Independence Day - 4th of July

Fireworks, flags, parades – on July 4th, the United States celebrates its birthday. Learn everything you need to know about America's Independence Day, from the origins to beloved traditions and 2021 highlights.

Independence Day: history & background

On July 4th, the United States celebrates the anniversary of its Declaration of Independence. In 1776, representatives of the then 13 colonies signed the famous document with which they declared their independence from the British crown, and of which the whole of America is still extremely proud today.

The background for this historical event was an increasing dissatisfaction of the colonists towards the ruling monarchs in Great Britain. Before 1776, the colonies were subject to British law and had to pay high duties for the import of goods such as sugar, coffee, tea, or spirits.

According to the motto "No taxation without representation," the American colonies refused to continue paying high taxes to a country thousands of miles away without representation in Parliament.

As the English king responded to the demands with a new tax on tea, the famous Boston Tea Party took place on December 16th, 1773, during which Americans expressed their displeasure. 342 boxes of the highly taxed tea – a symbol of oppression for the colonists – were dumped into the harbor of Boston.

This was followed by the American War of Independence, in which the US Army was led by George Washington, who later became the first president.

Declaration of Independence

All 13 existing American colonies voted for independence from Great Britain on July 2nd, 1776. The Declaration of Independence was signed by 56 representatives of the colonies just two days later, on July 4th, 1776 – the United States of America was born!

The Declaration of Independence defined the political and moral philosophy for the country that would subsequently become the United States of America. All Americans to this day are very proud of the ideals set forth in the Declaration of Independence. At the time, the ideas were revolutionary, making America the first modern democracy:

  • All men are created equal.
  • All human beings have inalienable rights.
  • All people have the right to life, freedom, and the right to pursue happiness.
  • The government is elected and appointed by the people.

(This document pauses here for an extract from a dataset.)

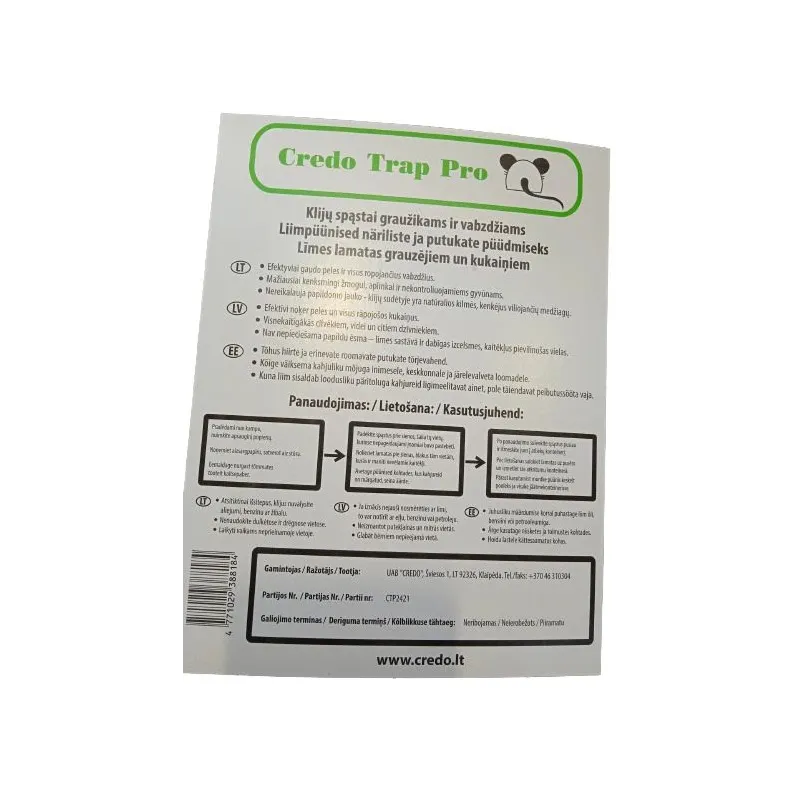 Slazds mušas, grauzēji, skudras Credo 4771029388184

The most famous part of the Declaration of Independence:

"We hold these Truths to be self-evident, that all men are created equal, that they are endowed by their Creator with certain unalienable Rights, that among these are Life, Liberty and the Pursuit of Happiness...."

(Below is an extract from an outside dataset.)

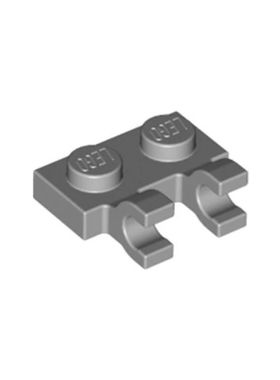 乐高/LEGO 4556157 49563 60470b 4515173浅灰色 1x2单侧两夹口板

How does America celebrate Independence Day?

Celebrating Independence Day has a long tradition in America. As early as 1777, one year after the signing of the Declaration of Independence, the port of Philadelphia was decorated in American national colors. Solemn parades with a large fireworks display and 13 cannon shots (one for each of the 13 colonies at the time) made the event a special day for everyone present.

The future President John Adams, who was one of the signatories of the Declaration of Independence, wrote to his wife that the Independence Day fireworks should be so big that they could be seen "from one end of this continent to the other from this time forward forevermore." Thus was born the tradition of large fireworks displays on July 4th.

In addition to fireworks, parades and concerts are held throughout the country to mark the birth of American independence on July 4th. Family barbecues are also a popular Independence Day pastime among Americans.

Of course, the blue, white, and red colors of the star-spangled banner can't be missing anywhere during all the celebrations. Even if Americans like to show their flag often, even on ordinary days, they are really everywhere come July 4th – on cars, in stores, in newspaper ads, or on TV. Many Americans wear the flag on their outfits, and even pets are dressed in blue-white-red.

Top Independence Day Events

There are plenty of places to celebrate Independence Day in America, but these five venues are sure to give you goosebumps:

Independence Day in Philadelphia

Where better celebrate Independence Day than in the city where the Declaration of Independence was signed? The largest town in Pennsylvania honors America's day with a ceremony called the “Celebration of Freedom” and a huge parade of wagons and brass bands, drawing 5,000 spectators to line the streets of Philadelphia's historic center.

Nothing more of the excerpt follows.